*** Recorded data Section Begins ***

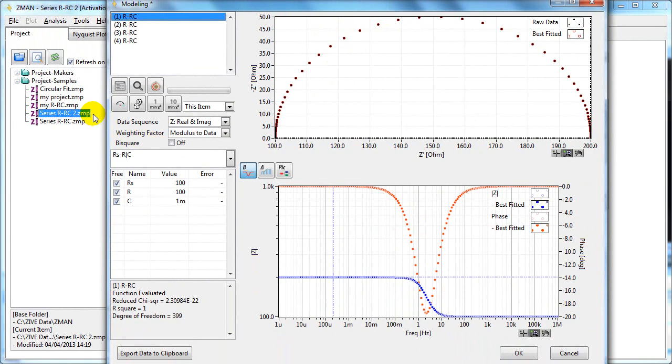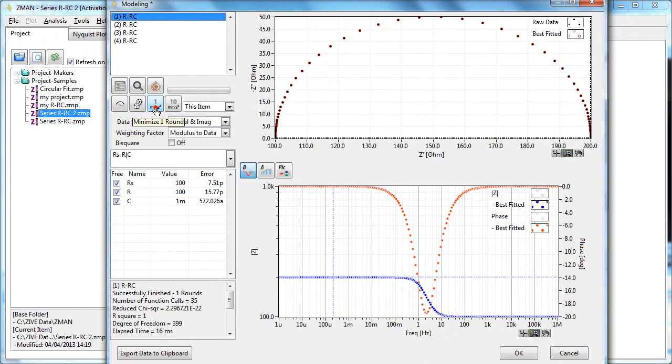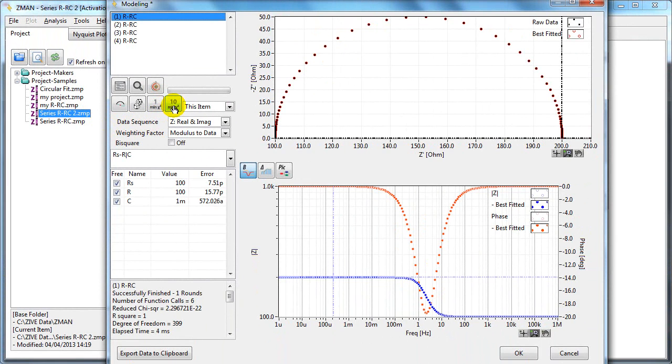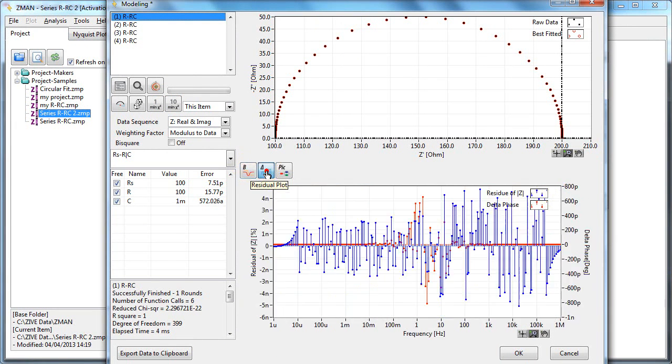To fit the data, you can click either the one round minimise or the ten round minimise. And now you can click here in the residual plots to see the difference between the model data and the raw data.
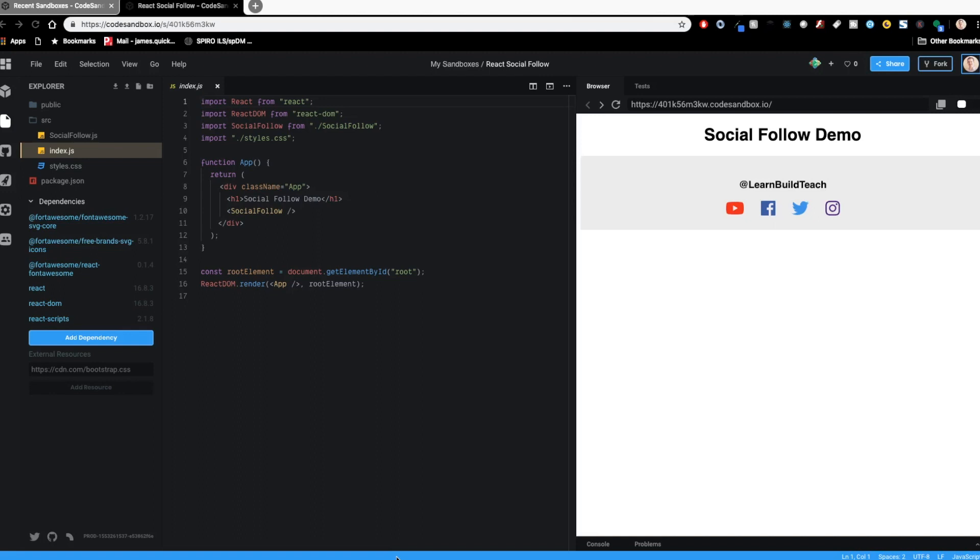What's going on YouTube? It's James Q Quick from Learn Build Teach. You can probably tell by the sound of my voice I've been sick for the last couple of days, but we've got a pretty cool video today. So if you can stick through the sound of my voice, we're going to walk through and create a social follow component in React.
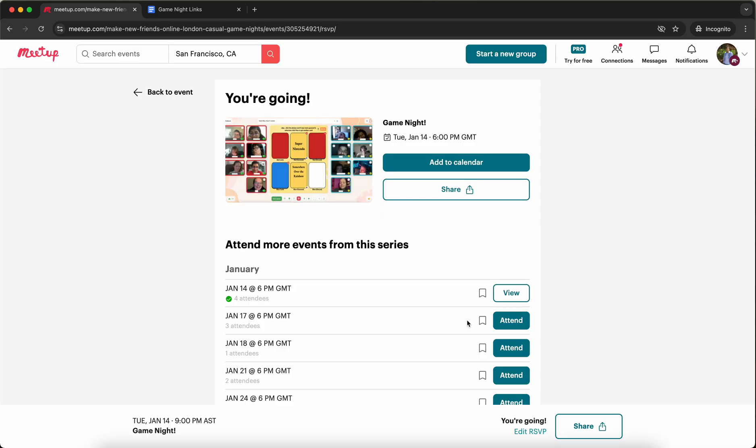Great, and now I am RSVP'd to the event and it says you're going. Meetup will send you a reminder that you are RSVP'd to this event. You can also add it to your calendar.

*** Recorded data Section Ends ***

- **Exercise requirements**: Please retype all of the material exactly, skipping whatever images it holds.

- **Exercise solution**:
To fit the data, you can click either the one round minimise or the ten round minimise. And now you can click here in the residual plots to see the difference between the model data and the raw data.
What's going on YouTube? It's James Q Quick from Learn Build Teach. You can probably tell by the sound of my voice I've been sick for the last couple of days, but we've got a pretty cool video today. So if you can stick through the sound of my voice, we're going to walk through and create a social follow component in React.
Great, and now I am RSVP'd to the event and it says you're going. Meetup will send you a reminder that you are RSVP'd to this event. You can also add it to your calendar.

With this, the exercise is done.